Friday, November 30, 2007
So I’ve been inexplicably receiving Entertainment Weekly for a few weeks now. I didn’t order the thing, and god knows I didn’t pay for a subscription. But for some reason they keep sending it to me. I don’t know why. The last thing I want to read about is Oprah’s Youtube channel and Jack Black’s new hair color (youtube.com/oprah and blond, respectively, in case you wanted to know). But as it turns out, one can discover quite a bit about our culture from perusing the pages of magazines like EW.

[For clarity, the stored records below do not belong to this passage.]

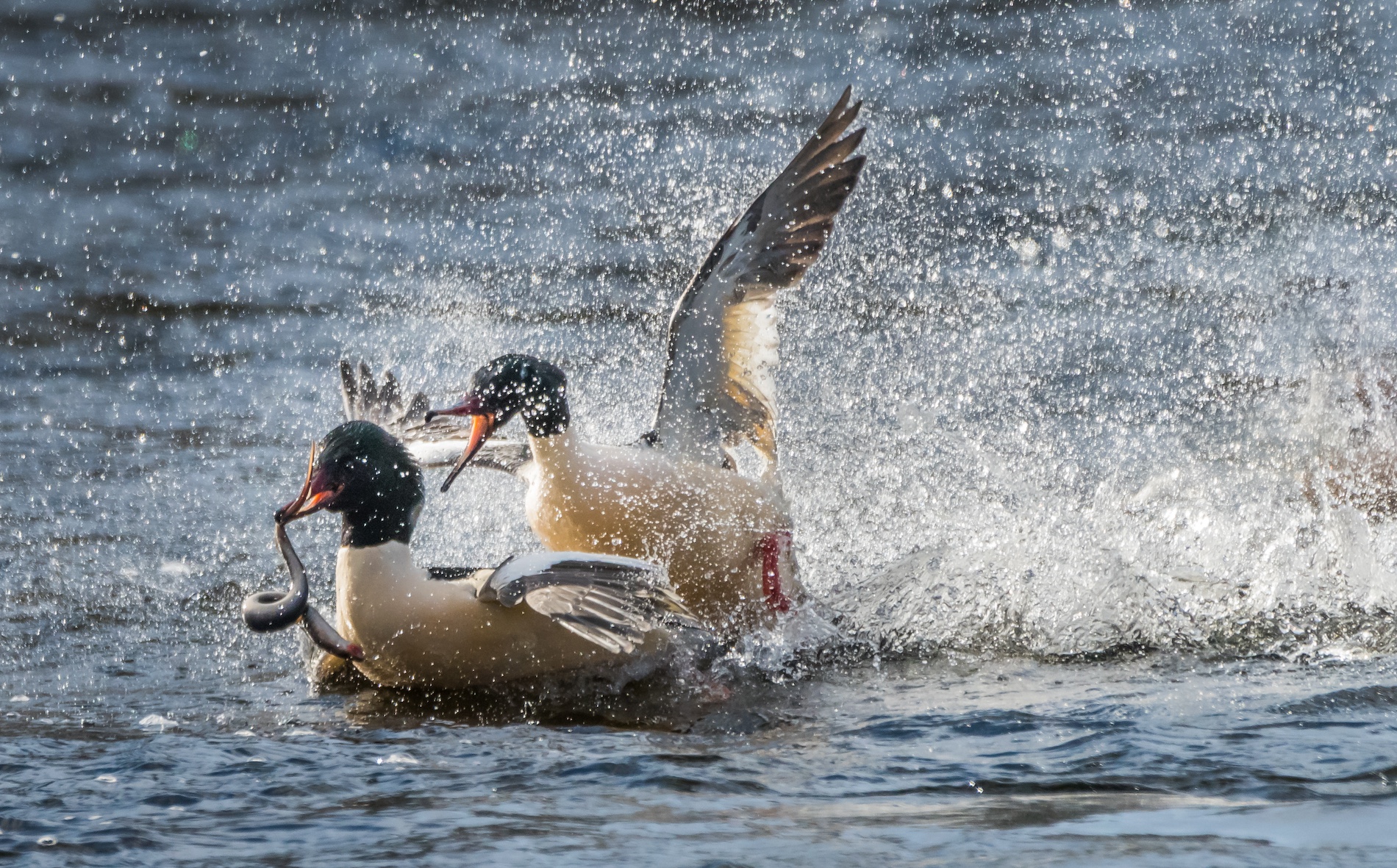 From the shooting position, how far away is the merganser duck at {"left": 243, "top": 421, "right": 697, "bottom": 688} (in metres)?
4.31

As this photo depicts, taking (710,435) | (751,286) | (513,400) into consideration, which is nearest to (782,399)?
(710,435)

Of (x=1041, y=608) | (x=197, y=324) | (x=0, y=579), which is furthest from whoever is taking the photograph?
(x=197, y=324)

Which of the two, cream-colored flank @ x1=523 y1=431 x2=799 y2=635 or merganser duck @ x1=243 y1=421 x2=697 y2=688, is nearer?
merganser duck @ x1=243 y1=421 x2=697 y2=688

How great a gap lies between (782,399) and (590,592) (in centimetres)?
460

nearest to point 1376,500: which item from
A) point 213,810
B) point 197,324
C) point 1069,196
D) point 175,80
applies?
point 213,810

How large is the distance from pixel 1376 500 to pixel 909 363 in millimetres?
3546

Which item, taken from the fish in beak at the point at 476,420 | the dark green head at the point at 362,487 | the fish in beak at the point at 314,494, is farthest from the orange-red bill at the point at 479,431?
the fish in beak at the point at 314,494

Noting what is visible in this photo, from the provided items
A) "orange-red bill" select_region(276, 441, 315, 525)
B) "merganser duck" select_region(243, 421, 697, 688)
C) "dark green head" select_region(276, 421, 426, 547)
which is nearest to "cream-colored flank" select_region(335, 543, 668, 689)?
"merganser duck" select_region(243, 421, 697, 688)

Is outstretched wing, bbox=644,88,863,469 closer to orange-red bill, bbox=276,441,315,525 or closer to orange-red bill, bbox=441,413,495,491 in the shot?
orange-red bill, bbox=441,413,495,491

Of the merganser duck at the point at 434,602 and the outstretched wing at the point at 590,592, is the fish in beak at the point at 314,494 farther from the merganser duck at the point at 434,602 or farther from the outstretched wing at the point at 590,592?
the outstretched wing at the point at 590,592

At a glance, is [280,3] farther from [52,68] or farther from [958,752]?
[958,752]

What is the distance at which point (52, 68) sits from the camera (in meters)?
13.8

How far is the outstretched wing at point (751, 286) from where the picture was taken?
223 inches

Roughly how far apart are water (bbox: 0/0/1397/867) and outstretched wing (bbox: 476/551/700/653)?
0.27 m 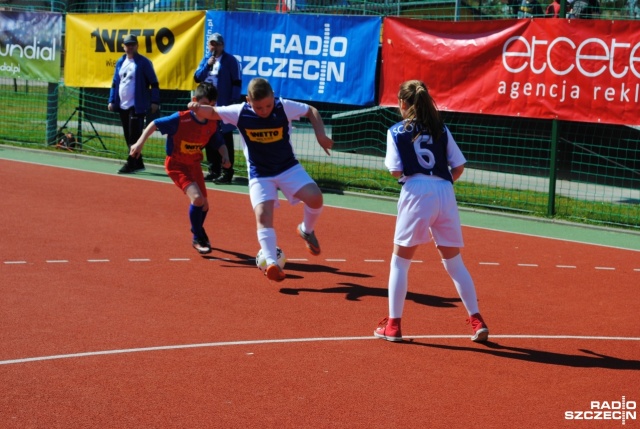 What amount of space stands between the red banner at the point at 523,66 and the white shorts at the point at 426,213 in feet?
20.2

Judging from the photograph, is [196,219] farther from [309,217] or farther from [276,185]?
[276,185]

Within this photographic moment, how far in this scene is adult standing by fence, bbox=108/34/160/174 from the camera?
16594 millimetres

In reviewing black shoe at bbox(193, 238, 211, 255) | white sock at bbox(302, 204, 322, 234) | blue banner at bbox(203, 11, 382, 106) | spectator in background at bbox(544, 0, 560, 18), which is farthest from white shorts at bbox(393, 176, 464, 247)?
blue banner at bbox(203, 11, 382, 106)

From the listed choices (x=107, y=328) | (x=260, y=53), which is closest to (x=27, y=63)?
(x=260, y=53)

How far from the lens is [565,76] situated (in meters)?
13.2

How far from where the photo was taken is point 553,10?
15109 millimetres

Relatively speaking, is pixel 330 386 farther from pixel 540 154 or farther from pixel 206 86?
pixel 540 154

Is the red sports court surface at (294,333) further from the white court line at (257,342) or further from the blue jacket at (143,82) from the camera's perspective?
the blue jacket at (143,82)

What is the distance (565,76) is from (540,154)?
3.45 m

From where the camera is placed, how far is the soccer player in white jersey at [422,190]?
7.31 metres

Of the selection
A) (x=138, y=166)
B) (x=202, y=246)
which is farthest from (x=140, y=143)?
(x=138, y=166)

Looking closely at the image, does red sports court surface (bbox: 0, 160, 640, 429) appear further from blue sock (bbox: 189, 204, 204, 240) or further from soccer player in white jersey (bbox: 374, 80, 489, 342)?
soccer player in white jersey (bbox: 374, 80, 489, 342)

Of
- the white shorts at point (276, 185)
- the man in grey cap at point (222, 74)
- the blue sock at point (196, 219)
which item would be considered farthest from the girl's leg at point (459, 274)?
the man in grey cap at point (222, 74)

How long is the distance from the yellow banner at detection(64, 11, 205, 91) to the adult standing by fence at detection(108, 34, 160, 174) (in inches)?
26.7
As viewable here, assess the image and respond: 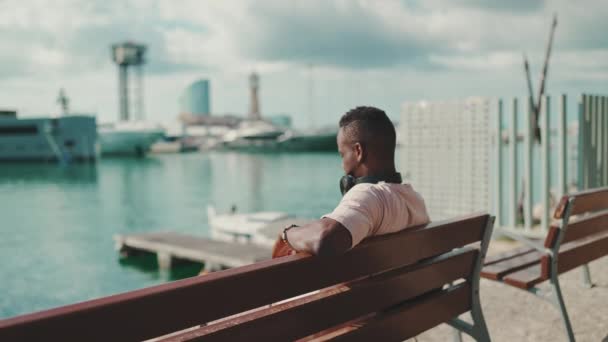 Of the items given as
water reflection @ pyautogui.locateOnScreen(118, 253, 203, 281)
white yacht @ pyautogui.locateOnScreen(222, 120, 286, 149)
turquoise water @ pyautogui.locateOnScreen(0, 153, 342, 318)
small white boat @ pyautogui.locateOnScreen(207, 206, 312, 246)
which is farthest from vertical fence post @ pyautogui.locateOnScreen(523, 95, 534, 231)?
white yacht @ pyautogui.locateOnScreen(222, 120, 286, 149)

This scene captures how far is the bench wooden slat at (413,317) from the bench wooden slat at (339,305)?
0.13ft

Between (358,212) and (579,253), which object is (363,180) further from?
(579,253)

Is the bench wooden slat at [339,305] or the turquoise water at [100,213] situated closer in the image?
the bench wooden slat at [339,305]

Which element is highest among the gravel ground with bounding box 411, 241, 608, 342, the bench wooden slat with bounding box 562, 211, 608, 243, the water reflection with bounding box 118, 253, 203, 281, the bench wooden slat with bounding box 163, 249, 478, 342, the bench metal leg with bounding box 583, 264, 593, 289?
the bench wooden slat with bounding box 163, 249, 478, 342

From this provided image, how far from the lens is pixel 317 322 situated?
176 cm


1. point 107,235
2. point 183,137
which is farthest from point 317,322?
point 183,137

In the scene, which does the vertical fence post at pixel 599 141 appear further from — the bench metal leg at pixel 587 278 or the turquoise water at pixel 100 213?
the turquoise water at pixel 100 213

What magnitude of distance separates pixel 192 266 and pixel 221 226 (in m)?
2.38

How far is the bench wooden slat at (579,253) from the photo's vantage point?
3310mm

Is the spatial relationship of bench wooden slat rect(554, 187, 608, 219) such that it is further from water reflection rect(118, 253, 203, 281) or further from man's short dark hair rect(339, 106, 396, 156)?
water reflection rect(118, 253, 203, 281)

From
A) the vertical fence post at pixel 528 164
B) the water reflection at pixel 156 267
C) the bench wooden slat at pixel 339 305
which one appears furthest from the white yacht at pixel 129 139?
the bench wooden slat at pixel 339 305

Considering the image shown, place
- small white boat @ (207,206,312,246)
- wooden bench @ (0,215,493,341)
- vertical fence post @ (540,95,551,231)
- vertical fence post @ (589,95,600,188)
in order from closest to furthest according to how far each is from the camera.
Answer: wooden bench @ (0,215,493,341), vertical fence post @ (540,95,551,231), vertical fence post @ (589,95,600,188), small white boat @ (207,206,312,246)

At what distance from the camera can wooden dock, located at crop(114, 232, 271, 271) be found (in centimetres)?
1287

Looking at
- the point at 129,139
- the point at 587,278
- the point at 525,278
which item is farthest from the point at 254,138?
the point at 525,278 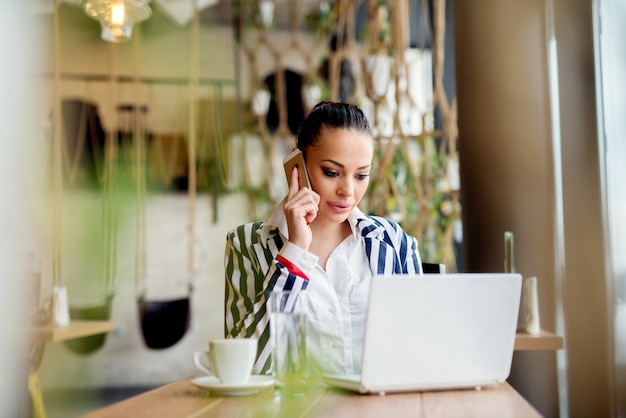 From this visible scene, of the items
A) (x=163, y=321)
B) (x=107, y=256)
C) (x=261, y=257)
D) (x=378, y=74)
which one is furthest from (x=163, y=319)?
(x=107, y=256)

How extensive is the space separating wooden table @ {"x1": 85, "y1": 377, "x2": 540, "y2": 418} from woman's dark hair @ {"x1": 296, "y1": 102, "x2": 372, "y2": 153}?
72 centimetres

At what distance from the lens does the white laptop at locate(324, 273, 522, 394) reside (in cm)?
97

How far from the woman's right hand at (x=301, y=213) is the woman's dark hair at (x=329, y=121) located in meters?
0.15

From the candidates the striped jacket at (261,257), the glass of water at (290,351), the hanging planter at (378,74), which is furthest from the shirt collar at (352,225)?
the hanging planter at (378,74)

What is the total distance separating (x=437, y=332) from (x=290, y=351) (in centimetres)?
20

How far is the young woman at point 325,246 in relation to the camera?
145cm

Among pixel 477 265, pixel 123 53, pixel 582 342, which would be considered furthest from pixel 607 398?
pixel 123 53

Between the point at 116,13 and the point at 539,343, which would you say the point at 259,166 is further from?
the point at 116,13

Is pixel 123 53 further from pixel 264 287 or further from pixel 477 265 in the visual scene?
pixel 264 287

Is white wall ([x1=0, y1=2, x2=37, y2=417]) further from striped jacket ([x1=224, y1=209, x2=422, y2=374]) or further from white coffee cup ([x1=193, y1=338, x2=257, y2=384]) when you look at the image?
striped jacket ([x1=224, y1=209, x2=422, y2=374])

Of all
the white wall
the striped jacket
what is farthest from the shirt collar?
the white wall

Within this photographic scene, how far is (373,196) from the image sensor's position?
14.2ft

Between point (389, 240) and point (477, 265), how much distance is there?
24.9 inches

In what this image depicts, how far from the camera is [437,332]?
99cm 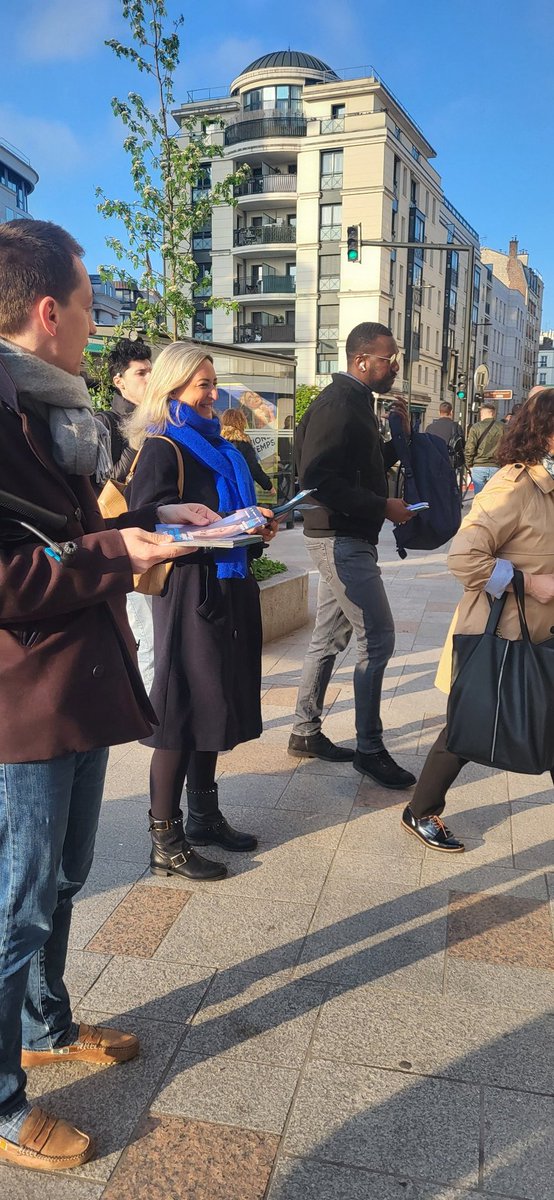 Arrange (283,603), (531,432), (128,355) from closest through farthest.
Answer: (531,432)
(128,355)
(283,603)

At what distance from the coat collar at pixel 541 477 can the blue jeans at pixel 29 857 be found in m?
1.87

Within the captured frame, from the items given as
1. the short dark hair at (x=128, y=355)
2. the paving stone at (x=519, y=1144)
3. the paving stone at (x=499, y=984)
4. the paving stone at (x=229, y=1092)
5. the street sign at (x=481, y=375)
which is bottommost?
the paving stone at (x=499, y=984)

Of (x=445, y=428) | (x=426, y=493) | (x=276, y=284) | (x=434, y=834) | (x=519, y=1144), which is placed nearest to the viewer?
(x=519, y=1144)

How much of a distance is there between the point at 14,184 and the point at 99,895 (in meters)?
67.5

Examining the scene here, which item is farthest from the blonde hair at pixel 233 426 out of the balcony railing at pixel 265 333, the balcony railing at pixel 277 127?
the balcony railing at pixel 277 127

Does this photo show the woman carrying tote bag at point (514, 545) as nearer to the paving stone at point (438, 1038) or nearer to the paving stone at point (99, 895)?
the paving stone at point (438, 1038)

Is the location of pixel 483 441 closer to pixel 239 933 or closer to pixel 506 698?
pixel 506 698

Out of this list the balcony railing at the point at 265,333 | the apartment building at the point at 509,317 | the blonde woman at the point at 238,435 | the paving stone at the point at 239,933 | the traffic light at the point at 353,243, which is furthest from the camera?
the apartment building at the point at 509,317

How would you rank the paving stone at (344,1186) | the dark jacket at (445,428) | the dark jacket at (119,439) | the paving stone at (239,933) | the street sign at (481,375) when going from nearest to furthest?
the paving stone at (344,1186)
the paving stone at (239,933)
the dark jacket at (119,439)
the dark jacket at (445,428)
the street sign at (481,375)

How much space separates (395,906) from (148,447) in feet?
6.29

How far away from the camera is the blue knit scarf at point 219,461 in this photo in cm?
307

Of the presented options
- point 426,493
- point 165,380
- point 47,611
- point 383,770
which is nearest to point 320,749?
point 383,770

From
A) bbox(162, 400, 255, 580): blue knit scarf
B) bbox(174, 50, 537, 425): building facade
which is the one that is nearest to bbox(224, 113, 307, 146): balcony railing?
bbox(174, 50, 537, 425): building facade

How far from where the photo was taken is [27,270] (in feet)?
5.55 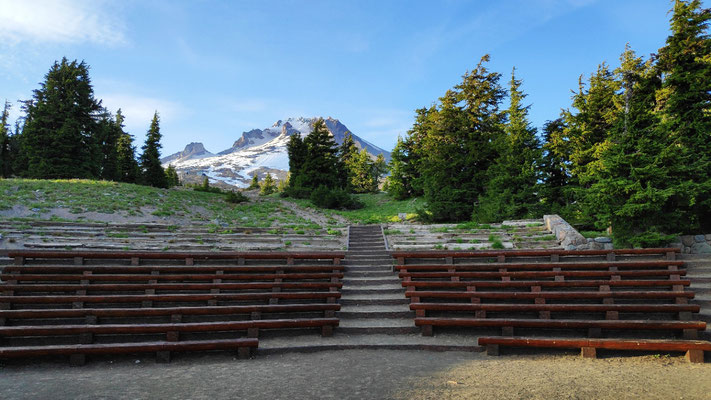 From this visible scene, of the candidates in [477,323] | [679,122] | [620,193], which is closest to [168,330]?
[477,323]

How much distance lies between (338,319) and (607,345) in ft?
14.1

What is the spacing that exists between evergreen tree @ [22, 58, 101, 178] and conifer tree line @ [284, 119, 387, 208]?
58.1 ft

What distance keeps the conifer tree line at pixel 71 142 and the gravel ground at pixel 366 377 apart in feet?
105

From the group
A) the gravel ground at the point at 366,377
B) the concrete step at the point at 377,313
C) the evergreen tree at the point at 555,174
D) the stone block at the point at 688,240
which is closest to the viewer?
the gravel ground at the point at 366,377

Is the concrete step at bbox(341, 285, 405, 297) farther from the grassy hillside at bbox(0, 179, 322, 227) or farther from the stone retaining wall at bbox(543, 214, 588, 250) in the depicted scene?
the grassy hillside at bbox(0, 179, 322, 227)

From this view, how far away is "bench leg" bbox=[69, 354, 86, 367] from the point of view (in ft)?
18.3

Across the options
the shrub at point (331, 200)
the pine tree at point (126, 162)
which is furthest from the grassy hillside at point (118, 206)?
the pine tree at point (126, 162)

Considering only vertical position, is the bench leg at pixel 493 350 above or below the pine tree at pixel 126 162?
below

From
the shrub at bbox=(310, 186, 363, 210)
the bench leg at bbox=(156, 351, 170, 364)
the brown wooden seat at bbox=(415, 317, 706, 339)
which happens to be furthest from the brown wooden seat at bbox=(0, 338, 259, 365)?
the shrub at bbox=(310, 186, 363, 210)

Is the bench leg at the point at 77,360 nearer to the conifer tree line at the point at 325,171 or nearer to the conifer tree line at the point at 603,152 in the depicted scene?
the conifer tree line at the point at 603,152

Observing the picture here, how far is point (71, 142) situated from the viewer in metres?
31.1

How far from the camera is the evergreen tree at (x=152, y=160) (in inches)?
Answer: 1502

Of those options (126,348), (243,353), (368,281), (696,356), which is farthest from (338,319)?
(696,356)

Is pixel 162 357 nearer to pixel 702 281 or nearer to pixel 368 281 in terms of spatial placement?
pixel 368 281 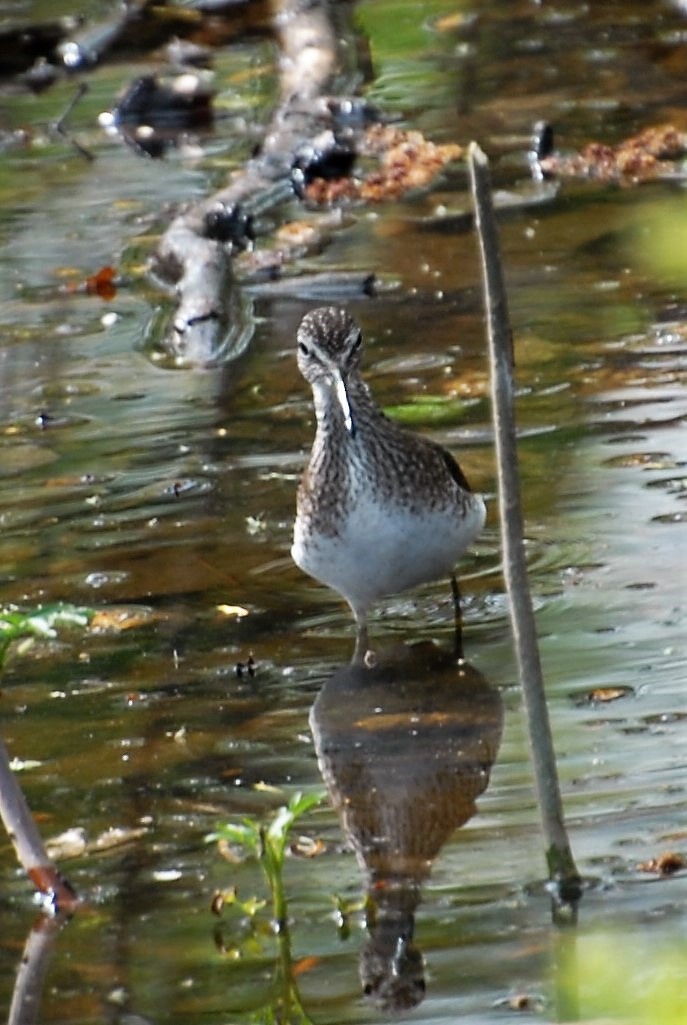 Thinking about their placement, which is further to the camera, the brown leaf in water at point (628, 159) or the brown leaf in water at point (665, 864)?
the brown leaf in water at point (628, 159)

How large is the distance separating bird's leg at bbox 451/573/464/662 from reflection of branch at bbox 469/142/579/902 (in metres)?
1.90

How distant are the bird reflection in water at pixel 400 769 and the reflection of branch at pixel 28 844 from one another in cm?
73

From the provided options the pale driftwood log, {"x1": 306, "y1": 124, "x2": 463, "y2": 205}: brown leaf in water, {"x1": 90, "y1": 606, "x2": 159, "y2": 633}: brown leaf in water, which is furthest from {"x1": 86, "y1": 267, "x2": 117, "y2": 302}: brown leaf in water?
{"x1": 90, "y1": 606, "x2": 159, "y2": 633}: brown leaf in water

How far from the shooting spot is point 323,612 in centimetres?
736

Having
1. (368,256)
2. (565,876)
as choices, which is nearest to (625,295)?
(368,256)

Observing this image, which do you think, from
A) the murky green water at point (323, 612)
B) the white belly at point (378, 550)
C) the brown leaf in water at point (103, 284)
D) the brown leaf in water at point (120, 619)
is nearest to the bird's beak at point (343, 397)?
the white belly at point (378, 550)

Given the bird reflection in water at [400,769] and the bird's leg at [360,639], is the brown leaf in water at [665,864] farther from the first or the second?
the bird's leg at [360,639]

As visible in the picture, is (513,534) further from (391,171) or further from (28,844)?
(391,171)

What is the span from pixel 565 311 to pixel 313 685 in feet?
12.8

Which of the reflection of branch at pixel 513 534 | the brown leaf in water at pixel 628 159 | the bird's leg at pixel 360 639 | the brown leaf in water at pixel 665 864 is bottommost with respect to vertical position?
the brown leaf in water at pixel 628 159

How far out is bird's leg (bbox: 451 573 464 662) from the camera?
681cm

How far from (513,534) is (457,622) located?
8.35ft

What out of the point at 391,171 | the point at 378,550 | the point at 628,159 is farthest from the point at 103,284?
the point at 378,550

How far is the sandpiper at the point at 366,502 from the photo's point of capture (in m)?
6.73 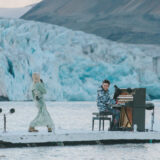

A recent cover article, for instance, was about the Writers Guild of America strike. In case you didn’t know, screenwriters all over the country are on strike for a higher percentage of profits and, pretty soon, there will be nothing but re-runs on TV (daily shows have already ceased production) and movies in 2009 will be severely hindered. Reading the article, one got the impression that this event was disastrous on an epic level, second only to Armageddon, maybe. We might not get new episodes of “The Office” every week! Tina Fey is angry! Jon Stewart won’t be on to give us the real news! (Well, come to think of it, that actually is bad.) I was ready to build a fallout shelter and stock it with DVDs of “Arrested Development” by the time I was done reading.
Well, ok, I thought. That’s their beat. Someone’s got to report about celebrities. It is called Entertainment Weekly, after all. Nothing to be worried about.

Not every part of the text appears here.